RECORD SET ::
---------------

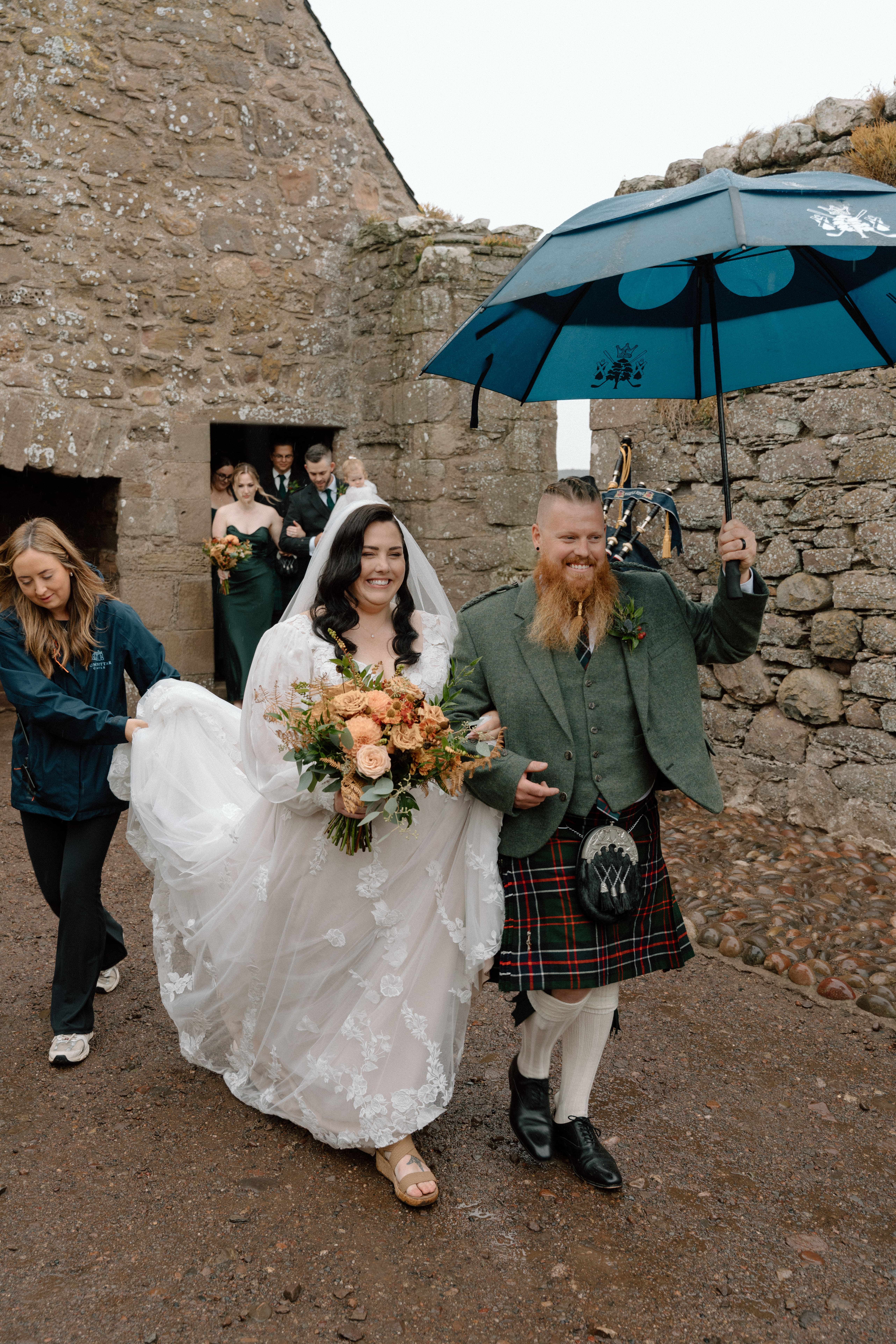 newlyweds exiting Dunnottar Castle ceremony with umbrellas and smiling guests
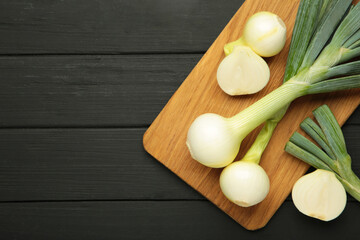 Green onion on cutting board on black wooden background.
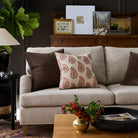 Living room with Grace Rosewood and Bedford Coffee brown throw pillows styled on a sofa – Tonic Living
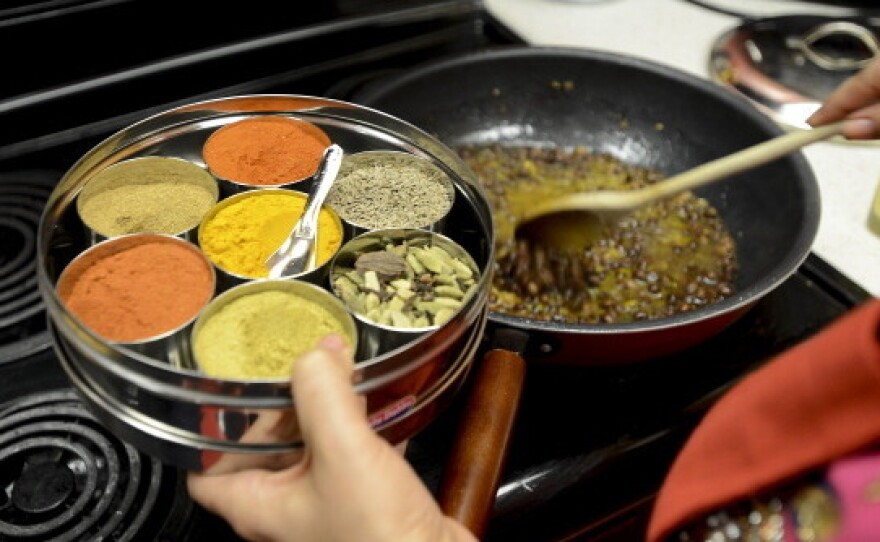 Jasjit Kaur Singh, an Indian chef, cooks kaala channa, a traditional spicy Sikh dish. A psychologist says that children who grow up in cultures with lots of spicy food are taught to like spice early on.
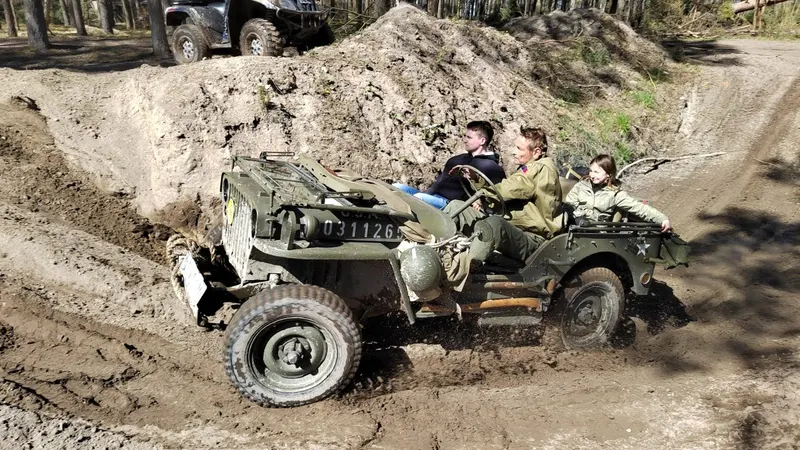 Historischer Willys-Jeep mit Insassen im Sandgelände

---------------

Without the pictures, return the listing above from its first line through the line that has "Living room with".

EXPECTED OUTPUT ::
 newlyweds exiting Dunnottar Castle ceremony with umbrellas and smiling guests
 Green onion on cutting board on black wooden background.
 Living room with Grace Rosewood and Bedford Coffee brown throw pillows styled on a sofa – Tonic Living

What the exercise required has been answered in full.